**Task brief**
Only the lines from the one containing "El Encanto * Zarra" to the end of the entries should be written out, each exactly as it stands, both ends included.
········
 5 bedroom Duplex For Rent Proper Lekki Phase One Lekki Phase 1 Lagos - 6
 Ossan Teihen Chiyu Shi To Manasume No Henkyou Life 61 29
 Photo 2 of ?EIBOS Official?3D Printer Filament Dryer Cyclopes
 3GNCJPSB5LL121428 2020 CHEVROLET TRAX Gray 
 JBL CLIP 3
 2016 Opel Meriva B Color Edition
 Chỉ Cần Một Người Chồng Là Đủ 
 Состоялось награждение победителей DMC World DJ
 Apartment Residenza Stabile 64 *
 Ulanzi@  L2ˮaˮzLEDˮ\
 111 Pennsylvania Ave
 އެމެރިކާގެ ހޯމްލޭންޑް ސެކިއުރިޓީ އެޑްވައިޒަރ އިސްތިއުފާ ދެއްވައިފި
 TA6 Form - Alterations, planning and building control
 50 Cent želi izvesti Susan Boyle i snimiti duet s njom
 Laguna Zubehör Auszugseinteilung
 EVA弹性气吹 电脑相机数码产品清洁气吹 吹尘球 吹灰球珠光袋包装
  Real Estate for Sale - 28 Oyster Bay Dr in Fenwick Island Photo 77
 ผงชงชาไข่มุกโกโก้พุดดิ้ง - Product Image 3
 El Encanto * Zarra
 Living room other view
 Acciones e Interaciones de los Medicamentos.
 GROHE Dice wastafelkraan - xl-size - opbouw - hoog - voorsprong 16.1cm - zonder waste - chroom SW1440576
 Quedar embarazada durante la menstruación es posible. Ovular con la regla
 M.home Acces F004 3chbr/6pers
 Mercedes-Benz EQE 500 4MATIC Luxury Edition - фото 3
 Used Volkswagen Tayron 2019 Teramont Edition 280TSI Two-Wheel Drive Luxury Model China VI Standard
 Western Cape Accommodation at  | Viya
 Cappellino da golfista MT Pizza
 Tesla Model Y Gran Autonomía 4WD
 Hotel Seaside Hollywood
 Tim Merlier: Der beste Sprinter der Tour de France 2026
········
**Written answer**
 El Encanto * Zarra
 Living room other view
 Acciones e Interaciones de los Medicamentos.
 GROHE Dice wastafelkraan - xl-size - opbouw - hoog - voorsprong 16.1cm - zonder waste - chroom SW1440576
 Quedar embarazada durante la menstruación es posible. Ovular con la regla
 M.home Acces F004 3chbr/6pers
 Mercedes-Benz EQE 500 4MATIC Luxury Edition - фото 3
 Used Volkswagen Tayron 2019 Teramont Edition 280TSI Two-Wheel Drive Luxury Model China VI Standard
 Western Cape Accommodation at  | Viya
 Cappellino da golfista MT Pizza
 Tesla Model Y Gran Autonomía 4WD
 Hotel Seaside Hollywood
 Tim Merlier: Der beste Sprinter der Tour de France 2026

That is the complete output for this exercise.